Dear Heavenly Father, I thank You for the riches of Your kindness, mercy, and patience, knowing that Your kindness has led me to repentance (Romans 2:4). I confess that I have not extended that same patience and kindness toward others who have offended me. Instead, I have held anger, bitterness, and resentment in my heart. During this time of self-examination, I pray that you would bring to mind all the people that I need to forgive so that I may do so now (Matthew 18:35).

(Begin writing down the names that come to mind, then continue the prayer) 

Father, in the Name of Jesus Christ, as an act of my will, I choose to forgive the following people:

  1. I choose to forgive & release (name) for (describe what he/she did)
  2. I choose to forgive & release (name) for (describe what he/she did)

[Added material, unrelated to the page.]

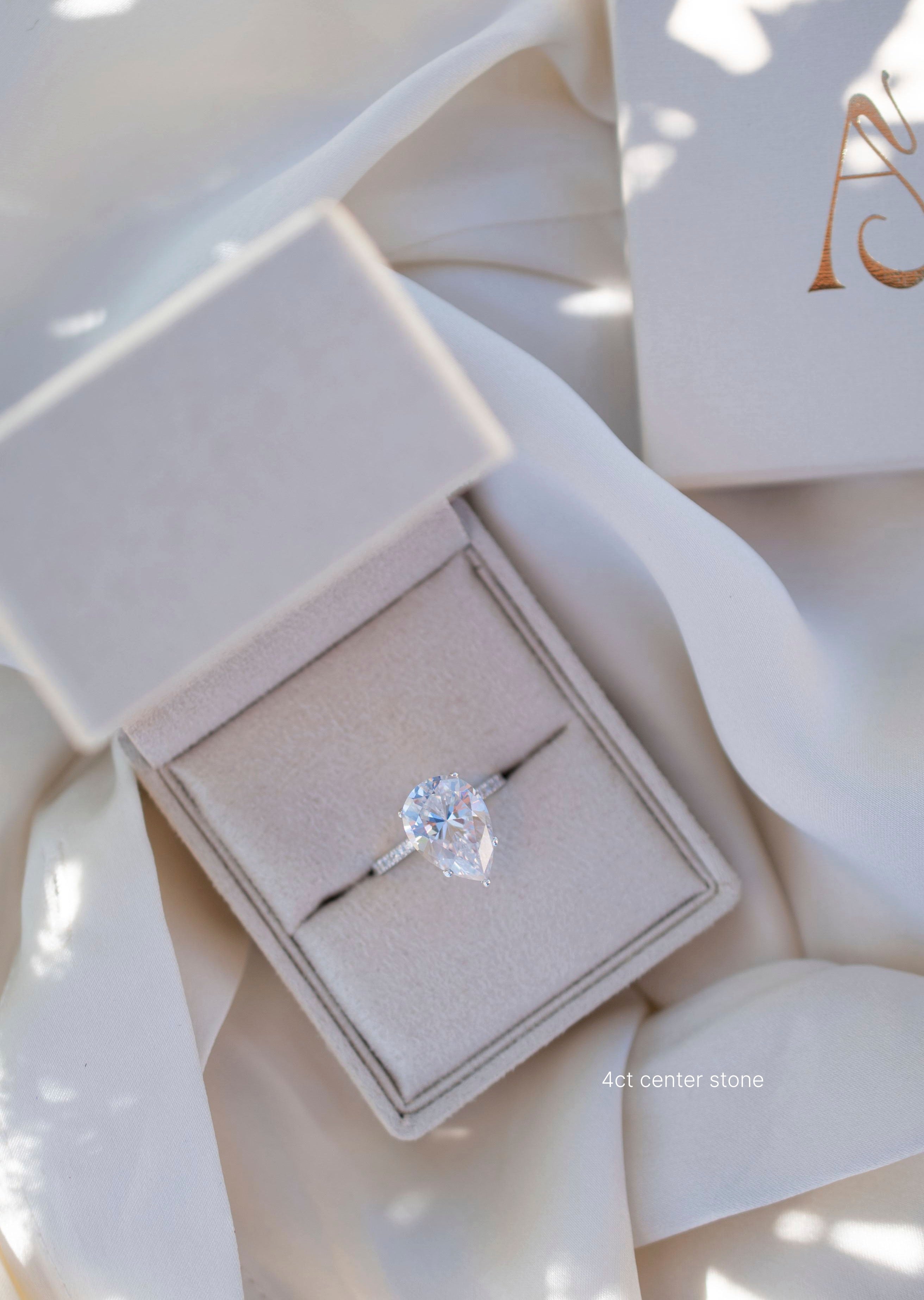 Pear solitaire engagament ring with pave band - platinum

(Continue down your list. Take a moment to pause and ask Holy Spirit if there’s anyone else. Then finish the prayer.) 

Lord, Thank you for setting me free from the bondage of my bitterness. I also pray that if I have offended others, You will bring to mind only those people I need to seek forgiveness and the extent to which I need to seek it (Matthew 5:23,24). I ask this in the precious name of Jesus. Amen.

Note: I use the “I choose to forgive and release” phrase in everyday life so that I don’t leave a door cracked for the enemy to set up camp. I follow it up by thanking God for setting me free from the bondage of bitterness.

I may have to say it several times in one day, for weeks, or even months, but I do this until I no longer feel angry. If I think about the offense and it stirs a familiar emotion or response, I say it again. It really does work!

Was this article on unforgiveness and bitterness helpful? Check out my other inner healing and freedom articles.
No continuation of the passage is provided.